[PATCH] storage: Add support to set{uid,gid} and sticky bit
Julio Faracco
jcfaracco at gmail.com
Fri Feb 21 17:36:59 UTC 2020
Hi Jano!
Em qui., 20 de fev. de 2020 às 12:57, Ján Tomko <jtomko at redhat.com> escreveu:
>
> On Wed, Feb 19, 2020 at 05:51:44PM -0300, Julio Faracco wrote:
> >This commit add more features to storages that supports setuid, setgid
> >and sticky bit. This extend some permission levels of volumes when you
> >run an hypervisor using a specific user that can run but cannot delete
> >volumes for instance.
>
> I'm confused about the use case here - volumes should not be executable
> and setuid/setgid only make sense on executable files.
>
> >Additionally, when you create a directory without
> >`pool-build` command, you cannot import those extra permissions.
> >Example:
> >
> > # mkdir /var/lib/libvirt/images/
> > # chmod 0755 /var/lib/libvirt/images/
> > # chmod u+s /var/lib/libvirt/images/
> > # pool-start default
> > # pool-dumpxml default
> >
> >No setuid from `<mode>0755</mode>`.
> >Output should expect `<mode>4755</mode>`.
> >
>
> FYI I proposed a similar patch ~7.5 years ago (and still haven't
> bothered to resend it O:-)):
> https://www.redhat.com/archives/libvir-list/2012-August/msg00687.html
> https://www.redhat.com/archives/libvir-list/2012-August/msg01004.html
>
> The consensus seemed to be
> * not wanting to touch the SGID/SUID bits
> * reporting the perms should be OK
Sorry, I usually search if someone proposed a similar patch but
probably Google didn't find a 7 years patch hehe
What is the problem that I'm trying to solve?

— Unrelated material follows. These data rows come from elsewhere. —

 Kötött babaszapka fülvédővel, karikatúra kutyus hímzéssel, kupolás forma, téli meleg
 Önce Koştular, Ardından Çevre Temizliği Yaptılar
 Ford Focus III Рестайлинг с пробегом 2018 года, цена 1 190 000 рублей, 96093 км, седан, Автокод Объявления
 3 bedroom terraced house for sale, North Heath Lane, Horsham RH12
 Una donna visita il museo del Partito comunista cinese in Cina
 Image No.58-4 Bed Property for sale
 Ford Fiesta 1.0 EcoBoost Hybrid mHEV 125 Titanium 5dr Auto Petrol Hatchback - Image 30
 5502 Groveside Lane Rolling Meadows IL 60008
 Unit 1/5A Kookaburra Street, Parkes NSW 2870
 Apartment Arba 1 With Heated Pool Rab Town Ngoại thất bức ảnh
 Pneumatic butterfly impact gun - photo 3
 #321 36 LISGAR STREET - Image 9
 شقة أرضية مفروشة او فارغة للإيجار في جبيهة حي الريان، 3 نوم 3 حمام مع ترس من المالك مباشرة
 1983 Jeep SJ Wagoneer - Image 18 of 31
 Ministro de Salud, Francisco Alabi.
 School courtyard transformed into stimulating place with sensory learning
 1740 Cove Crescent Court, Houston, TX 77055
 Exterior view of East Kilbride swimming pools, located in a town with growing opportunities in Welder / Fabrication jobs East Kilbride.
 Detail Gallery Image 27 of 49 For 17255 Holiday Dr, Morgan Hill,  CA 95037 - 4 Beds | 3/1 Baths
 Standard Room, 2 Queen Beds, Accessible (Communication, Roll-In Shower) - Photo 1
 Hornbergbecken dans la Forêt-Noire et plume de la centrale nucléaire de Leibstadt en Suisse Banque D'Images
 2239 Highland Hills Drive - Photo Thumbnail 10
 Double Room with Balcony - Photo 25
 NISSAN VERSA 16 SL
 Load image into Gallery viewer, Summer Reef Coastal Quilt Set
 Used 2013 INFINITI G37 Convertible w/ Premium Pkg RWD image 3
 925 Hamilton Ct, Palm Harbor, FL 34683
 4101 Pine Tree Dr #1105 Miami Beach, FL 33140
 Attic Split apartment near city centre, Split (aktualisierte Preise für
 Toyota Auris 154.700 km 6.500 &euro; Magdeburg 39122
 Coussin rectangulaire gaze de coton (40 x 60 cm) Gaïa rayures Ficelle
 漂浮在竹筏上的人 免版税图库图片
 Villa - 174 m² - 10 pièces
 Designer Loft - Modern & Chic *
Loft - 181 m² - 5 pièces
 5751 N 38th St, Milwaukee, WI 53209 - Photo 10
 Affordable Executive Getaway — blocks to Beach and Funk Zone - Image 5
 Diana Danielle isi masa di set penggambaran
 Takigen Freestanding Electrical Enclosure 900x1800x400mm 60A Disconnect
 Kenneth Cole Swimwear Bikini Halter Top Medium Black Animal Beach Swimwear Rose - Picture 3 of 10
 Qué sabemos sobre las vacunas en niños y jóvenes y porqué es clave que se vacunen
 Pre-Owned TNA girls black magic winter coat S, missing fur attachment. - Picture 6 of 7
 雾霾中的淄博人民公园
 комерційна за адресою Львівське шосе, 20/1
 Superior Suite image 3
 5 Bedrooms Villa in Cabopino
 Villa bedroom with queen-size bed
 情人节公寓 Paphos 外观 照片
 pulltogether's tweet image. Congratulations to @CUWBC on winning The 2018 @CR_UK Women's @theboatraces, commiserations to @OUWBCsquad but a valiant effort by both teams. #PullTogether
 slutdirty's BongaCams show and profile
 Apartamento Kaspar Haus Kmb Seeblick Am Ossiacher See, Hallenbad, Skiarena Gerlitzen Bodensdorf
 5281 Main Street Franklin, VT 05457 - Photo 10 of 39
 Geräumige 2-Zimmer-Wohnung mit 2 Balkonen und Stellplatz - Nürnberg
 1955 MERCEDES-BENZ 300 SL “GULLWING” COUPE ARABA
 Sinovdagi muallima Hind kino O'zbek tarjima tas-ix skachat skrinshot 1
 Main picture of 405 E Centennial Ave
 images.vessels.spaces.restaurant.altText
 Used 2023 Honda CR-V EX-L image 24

Basically, I have some directories that already have pre-configured
permissions with those extra bits.
If I run `build`, libvirt will overwrite all of them.
The same for reading and dumpxml.
If someone has a better idea to solve this, I would appreciate a lot. :-)
>
> For regular files, these bits seem to be useless for volumes, I think
> we should reject them.
> For directories, SGID and sticky might make sense
>
> >Signed-off-by: Julio Faracco <jcfaracco at gmail.com>
> >---
> > src/conf/storage_conf.c | 11 ++++++++---
> > src/storage/storage_util.c | 12 ++++++++----
> > 2 files changed, 16 insertions(+), 7 deletions(-)
> >
> >diff --git a/src/conf/storage_conf.c b/src/conf/storage_conf.c
> >index 252d28cbfb..54e4a60ded 100644
> >--- a/src/conf/storage_conf.c
> >+++ b/src/conf/storage_conf.c
> >@@ -746,7 +746,7 @@ virStorageDefParsePerms(xmlXPathContextPtr ctxt,
> > if ((mode = virXPathString("string(./mode)", ctxt))) {
> > int tmp;
> >
> >- if (virStrToLong_i(mode, NULL, 8, &tmp) < 0 || (tmp & ~0777)) {
> >+ if (virStrToLong_i(mode, NULL, 8, &tmp) < 0 || (tmp & ~07777)) {
> > virReportError(VIR_ERR_XML_ERROR, "%s",
> > _("malformed octal mode"));
> > goto error;
>
> To loosen this check, I'd rather see a new check added in the callers of
> this function, to make sure we won't allow creating a suid volume.
>
> >@@ -1187,9 +1187,14 @@ virStoragePoolDefFormatBuf(virBufferPtr buf,
> > def->target.perms.label) {
> > virBufferAddLit(buf, "<permissions>\n");
> > virBufferAdjustIndent(buf, 2);
> >- if (def->target.perms.mode != (mode_t) -1)
> >- virBufferAsprintf(buf, "<mode>0%o</mode>\n",
> >+ if (def->target.perms.mode != (mode_t) -1) {
> >+ if (def->target.perms.mode & (S_ISUID | S_ISGID | S_ISVTX))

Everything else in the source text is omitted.